Ups and downs
JJMoon Diary
Barry and Margaret Wilmshurst
Sat 18 Aug 2012 15:27
We have been in Nongsa Point marina since August 7
and we are due to leave tomorrow. It’s great here and we have put off the
day of departure three times claiming that we are looking for improved weather
prospects but it is just as likely that we cannot drag ourselves away from this
very pleasant spot. It is quiet, efficiently run and comfortable. We
are often the only people in the delightful pool, the only people in the bar and
there is usually convivial company in the restaurant where the food is pretty
good. There is a small shop on site.
Coming across on the 7th was
“interesting.” Not dangerous but there was an awful lot of traffic.
By law, boats of less than 20 m length have no rights of way at all in a
mandatory Separation Scheme and must cross the shipping lanes at right angles to
the direction of traffic. Commercial shipping is not widely spaced and
travels at varying speeds, and much faster than us. We had to keep
constantly on the alert and tied up in Nongsa after only 23 miles badly in need
of a good cup of tea.
We have been busy with the things we were
unable to complete in Singapore. Having waited an extra day for a parcel
from the UK it arrived two hours after we left. No problem, Keppel
arranged for an Indonesian “boat boy” to bring it across on his way home for the
holidays. Water-maker parts from Australia had to be fitted and that took
a couple of days. We took a trip back across the Strait in the ferry
because Mags wanted to check on a possible eye problem. As it turned out
there was no problem but the experience of the Singapore hospital was
interesting. I caused a minor sensation when arriving back at the boat
with a gay and jaunty step, carrying a bag of clean laundry, I tripped over a
small obstruction and fell flat on my face. Nothing broken but my nose hit
the deck with quite a thump and there was good deal of blood on the nice clean
concrete pontoon. I looked a bit of a mess for a day or two and enjoyed
milking the sympathy. There would have been very little of that had I
dropped the laundry into the dock.
There have been some metaphorical ups and
downs too. Several of the boats taking the same route have passed through
and among most crews there is an air of controlled excitement. But not in
every case. We have heard of one couple we knew in Rebak who have turned
back at around this latitude because of constant unfavourable headwinds.
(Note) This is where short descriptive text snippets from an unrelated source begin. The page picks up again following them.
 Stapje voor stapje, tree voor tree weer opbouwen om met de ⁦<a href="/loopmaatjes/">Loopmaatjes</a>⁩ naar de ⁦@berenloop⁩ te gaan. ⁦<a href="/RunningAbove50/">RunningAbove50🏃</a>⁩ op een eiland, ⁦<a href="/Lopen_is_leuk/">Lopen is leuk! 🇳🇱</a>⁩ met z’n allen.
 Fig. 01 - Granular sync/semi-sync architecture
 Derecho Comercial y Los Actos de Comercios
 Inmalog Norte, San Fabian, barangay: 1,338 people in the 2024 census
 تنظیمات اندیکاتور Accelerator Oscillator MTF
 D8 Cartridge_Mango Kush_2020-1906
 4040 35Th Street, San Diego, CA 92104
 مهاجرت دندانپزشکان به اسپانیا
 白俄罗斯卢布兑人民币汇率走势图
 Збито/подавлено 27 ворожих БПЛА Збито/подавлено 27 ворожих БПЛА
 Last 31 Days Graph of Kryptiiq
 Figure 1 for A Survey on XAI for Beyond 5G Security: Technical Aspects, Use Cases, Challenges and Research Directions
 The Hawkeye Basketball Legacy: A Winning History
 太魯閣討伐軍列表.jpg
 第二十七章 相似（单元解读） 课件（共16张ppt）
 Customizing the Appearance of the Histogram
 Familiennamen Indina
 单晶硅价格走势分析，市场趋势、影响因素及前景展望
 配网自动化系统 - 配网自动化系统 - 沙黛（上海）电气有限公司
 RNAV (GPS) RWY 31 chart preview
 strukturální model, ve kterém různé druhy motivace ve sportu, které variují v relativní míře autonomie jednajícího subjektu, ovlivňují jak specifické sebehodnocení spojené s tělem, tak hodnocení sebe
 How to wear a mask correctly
Their boat is smaller than most. One of our sailing buddies left here last
week, motored south as far as Belitung where they were due to check out of
Indonesia, and changed their minds. They are coming back and won’t be
crossing the Indian Ocean this year. We don’t know what to
think.
In truth our biggest problem is how to
find room for, and securely stow all the food, drinks and other gear that we
think is necessary and still leave room for Jim. Perhaps we shall have to
eat half the food before we get to Cocos.
Tomorrow morning we leave for a couple
day trips and then a couple of “over-nighters”. We shall probably be two
or three days on Belitung before moving on.